De drie broertjes bok
Noorwegen is lange tijd geen zelfstandig land geweest. Van 1521 tot 1814 was het zelfs een provincie van Denemarken. Daarna werd het land doorgegeven aan Zweden. Noorwegen kreeg daardoor wel een eigen grondwet en meer zelfbestuur. In 1826 waren er twee vrienden, Peter Christen Asbjørnsen en Jørgen Moe, die een grote liefde voelden voor de sprookjes van Grimm. Zoiets wilden zij ook doen en ze besloten oude Noorse verhalen te verzamelen en herschrijven. Hierbij namen ze ook de taal uit het oude Noorse dialect mee en verwerkten die in hun sprookjes. Dat was bijzonder, want de schrijftaal was in 1826 nog steeds Deens. Hun boek ‘Noorse volkssprookjes’ zorgde dan ook voor grote veranderingen in de Noorse literatuur.
Een van die sprookjes is het verhaal van ‘De drie bokken Kuifkop’, waarbij drie bokken een brug willen oversteken waar een trol onder verstopt zit. Dat sommige verhalen geschreven zijn om te blijven bestaan, blijkt maar weer uit de hervertelling van dit sprookje door Mac Barnett. Onlangs verscheen zijn versie van dit verhaal, genaamd ‘De drie broertjes bok’, waarbij ook hier drie bokken de brug willen overgaan. De trol die onder de brug zit, wil deze bokken met alle liefde oppeuzelen. Door een slimme list echter, weten de broertjes bok aan dat lot te ontkomen.

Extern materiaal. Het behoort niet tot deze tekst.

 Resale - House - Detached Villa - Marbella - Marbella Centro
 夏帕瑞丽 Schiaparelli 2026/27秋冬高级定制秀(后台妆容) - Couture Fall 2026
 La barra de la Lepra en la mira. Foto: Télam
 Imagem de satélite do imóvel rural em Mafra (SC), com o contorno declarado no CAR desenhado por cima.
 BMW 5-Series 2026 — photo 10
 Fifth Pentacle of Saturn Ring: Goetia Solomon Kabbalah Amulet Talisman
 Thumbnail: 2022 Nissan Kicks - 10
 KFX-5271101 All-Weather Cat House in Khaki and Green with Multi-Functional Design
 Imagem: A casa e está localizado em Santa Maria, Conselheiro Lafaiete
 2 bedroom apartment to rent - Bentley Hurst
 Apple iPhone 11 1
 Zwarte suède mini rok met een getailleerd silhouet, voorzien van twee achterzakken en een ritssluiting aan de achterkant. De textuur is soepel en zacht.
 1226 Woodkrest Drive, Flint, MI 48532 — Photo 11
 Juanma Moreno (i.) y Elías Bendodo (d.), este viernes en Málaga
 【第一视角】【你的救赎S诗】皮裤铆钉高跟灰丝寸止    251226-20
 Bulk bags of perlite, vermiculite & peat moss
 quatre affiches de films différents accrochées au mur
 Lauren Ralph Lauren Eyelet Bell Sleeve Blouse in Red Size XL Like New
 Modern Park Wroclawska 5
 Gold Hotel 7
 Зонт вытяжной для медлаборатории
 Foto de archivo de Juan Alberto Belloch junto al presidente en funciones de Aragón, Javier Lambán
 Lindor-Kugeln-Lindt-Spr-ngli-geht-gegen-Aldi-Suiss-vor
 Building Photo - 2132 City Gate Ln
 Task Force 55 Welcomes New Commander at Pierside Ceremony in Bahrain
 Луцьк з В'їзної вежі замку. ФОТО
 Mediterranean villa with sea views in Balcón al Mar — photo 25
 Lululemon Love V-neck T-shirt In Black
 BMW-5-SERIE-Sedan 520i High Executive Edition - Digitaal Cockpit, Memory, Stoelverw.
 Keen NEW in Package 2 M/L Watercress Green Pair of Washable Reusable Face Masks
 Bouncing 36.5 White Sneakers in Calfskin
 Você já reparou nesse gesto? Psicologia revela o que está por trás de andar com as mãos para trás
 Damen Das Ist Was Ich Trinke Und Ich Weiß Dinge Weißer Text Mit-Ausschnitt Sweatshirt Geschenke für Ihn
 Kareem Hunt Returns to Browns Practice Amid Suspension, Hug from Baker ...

‘De drie broertjes bok’ is volledig in rijm opgetekend. Het gevaar daarvan is soms dat het ritme niet lekker loopt of dat sommige rijm wat gekunsteld overkomt. Dat is in dit boek zeker niet het geval. Je kunt het verhaal in een lekker tempo doorlezen. Het fijnst is het telkens terugkerende ‘Klep klop, klep klop, klepperdeklop’. Hier thuis wordt dat stukje steevast door alle kinderen mee gezegd.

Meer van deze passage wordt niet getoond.